How to complete this task
Find the line with "Black Festive Gold" in the entries below, then output every line from it down to the line with "Amazing view of", exactly and with no pictures.

Exercise materials
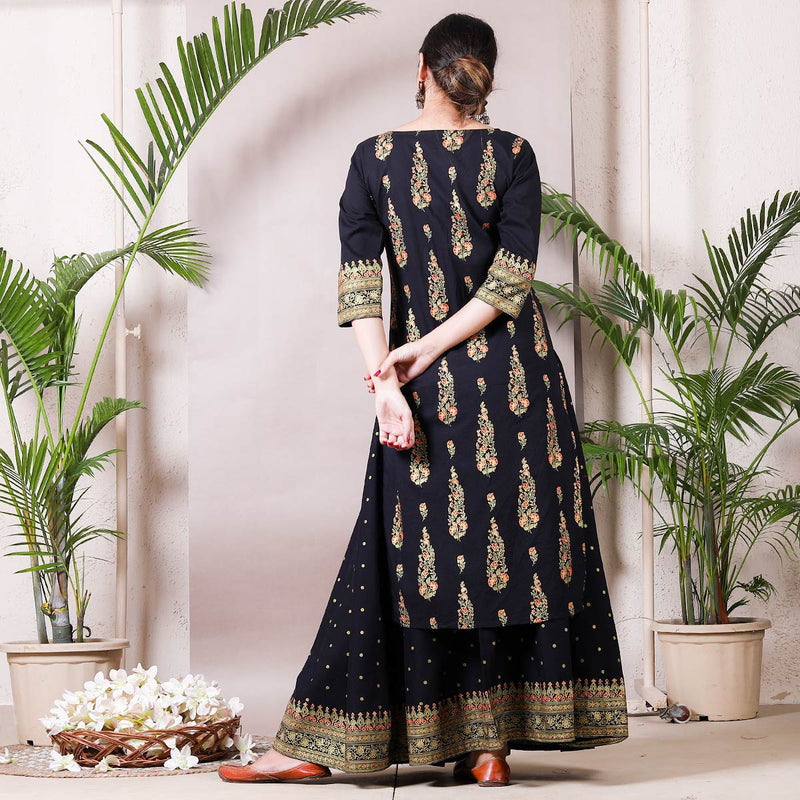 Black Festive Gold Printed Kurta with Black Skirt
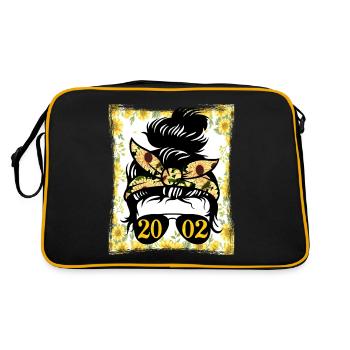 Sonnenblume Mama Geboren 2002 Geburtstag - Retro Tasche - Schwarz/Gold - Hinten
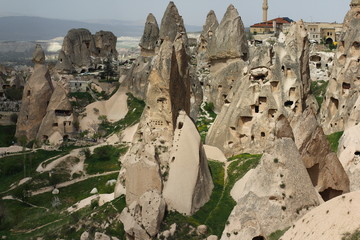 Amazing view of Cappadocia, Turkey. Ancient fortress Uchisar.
---
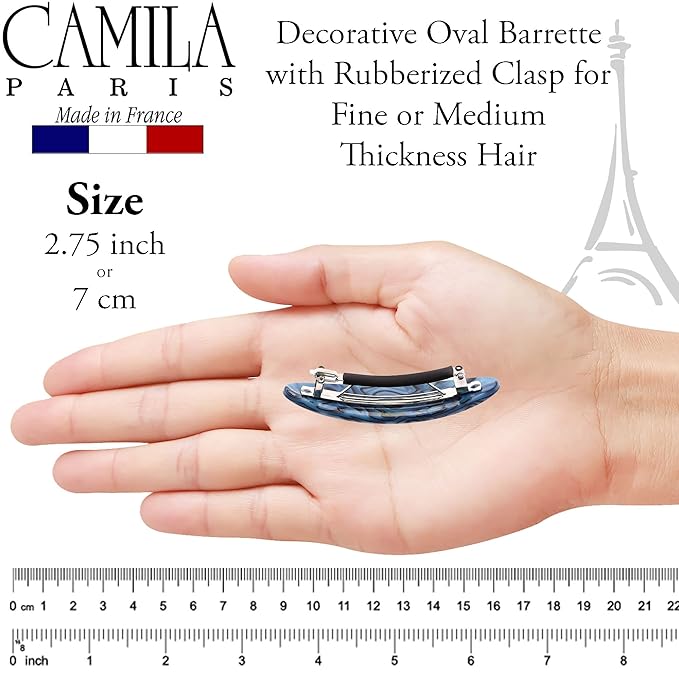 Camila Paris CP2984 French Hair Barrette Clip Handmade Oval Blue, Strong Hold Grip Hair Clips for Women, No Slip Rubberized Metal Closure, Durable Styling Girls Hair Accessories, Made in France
==
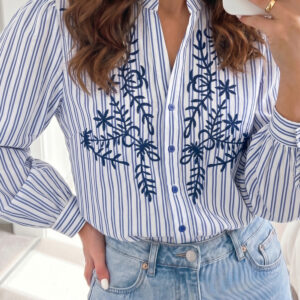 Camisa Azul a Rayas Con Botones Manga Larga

Your solution
 Black Festive Gold Printed Kurta with Black Skirt
 Sonnenblume Mama Geboren 2002 Geburtstag - Retro Tasche - Schwarz/Gold - Hinten
 Amazing view of Cappadocia, Turkey. Ancient fortress Uchisar.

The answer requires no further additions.